To insure against losses, you typically want to include only investments with low risk but high enough returns to give you a comfortable life in retirement. Is there any asset class that offers this rare combination – low risk and decent returns? The investment that comes closest to meeting this criterion is real estate.
Should you include real estate investing in your retirement plan?
You already have real estate as part of your retirement plan if you own your home. Your home provides peace of mind that comes from knowing you have a place to call home. It is a store of wealth because you can always sell the property if you need to. Lastly, it is a hedge against inflation in that the value of every dollar you invest in the home is preserved.
So, should you include more real estate in your retirement plan by investing in rental properties?
The main reason you want to think about this is to take advantage of a rental property’s ability to yield monthly income. Conversely, are you ready for the hassle of managing a rental property and the tenants in it? Remember, it may benefit you to hire someone to do this for you, especially if you hire a property management company with automated operations.
Whether or not including real estate in your retirement plan is right for you should be considered against the fact that real estate gives you a way to catch up if you feel you don’t have enough money to retire on. Real estate is unlike many other asset classes in that it is not self-depleting. Furthermore, real estate investing offers many tangible advantages that are difficult to find with other assets.
Here are other advantages:
Earn substantial passive income
You can easily make passive rental property income by hiring a property manager. If you buy in a good location, the property can produce enough income to give you a good life throughout retirement, and you will still have an asset to leave to your heirs.
Buy using leverage
Even if you could do it, it is considered financially unwise to borrow money to buy stocks. But this is not the case with real estate; you can get started as a property investor without waiting to save 100% of the cash to buy a property.
Finance it with your home equity
If a good part of the mortgage on your home is paid up, you can take advantage of this to invest in real estate. Lenders will loan you money on the equity on your home. That way, you don’t have to wait to save enough money to make the down payment on the property.
Live in it while renting it
If you put your money in a rental property with 2-4 living units, one of the ways to get the best mortgage terms is to live in one of the units, meaning the rental property also serves as your primary residence.
There are many ways to invest
There are many ways to invest in real estate; you can own a property wholly, partly, or put your money into a fund. Regardless of your lifestyle and risk tolerance level, you can find a strategy that suits you.

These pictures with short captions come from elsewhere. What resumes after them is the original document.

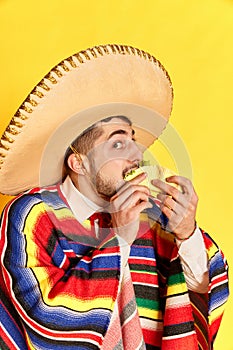 Portrait of young man in colorful festive clothes, poncho and sombrero posing, eating taco against yellow studio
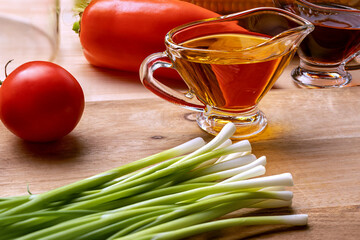 Olive oil in glass creamer. Ingredients for making vegetable salad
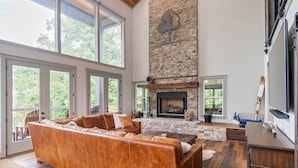 A spacious living room with a large leather sofa, a stone fireplace, and large windows offering a view of the outdoors.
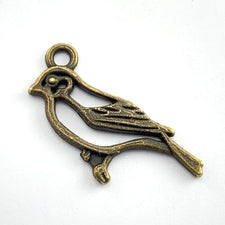 Bronze coloured bird shaped jewelry charm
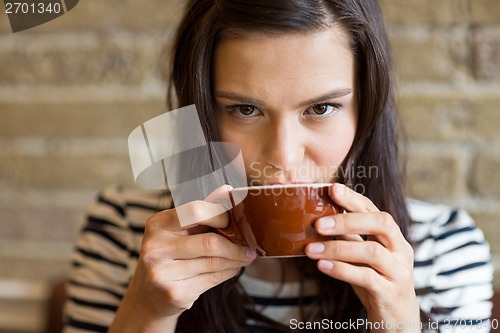 Image of Closeup Of Woman Drinking Coffee At Cafe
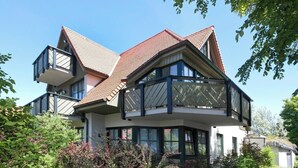 A two-story house with a balcony, large windows, and a sloped roof. - Moby Dick Wustrow (Ostseebad Wustrow)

What to think of before using real estate for retirement planning
Before you take the step to make real estate investing part of your retirement plan, here are things you should know:
You must be employed
Typically, you will need a job to qualify for a rental property mortgage. Most lenders want you to show them proof that you have been in paid employment or running a business for at least two years.
A property’s location determines its viability as an income-generating asset. A great home in an area where no one wants to live is no good. It is better to buy an average home if it is located in a good area.
Think of your costs
Unless you invest in REITs (real estate investment trust) or similar investment vehicles, you want to know how much it will cost you to operate the rental property.
Think of your earnings
How much money will the property potentially put into your pocket every month? This amount is how much money you have left after deducting all expenses.
Regardless of how well you lay out your plans, there will be unexpected problems with every property. There will be periods when you can’t find tenants and therefore don’t earn any income. There may be issues with tenants who don’t pay the rent on time or who don’t pay at all. There will be tenants who damage your property. Most of these issues are why you need a property manager for the home.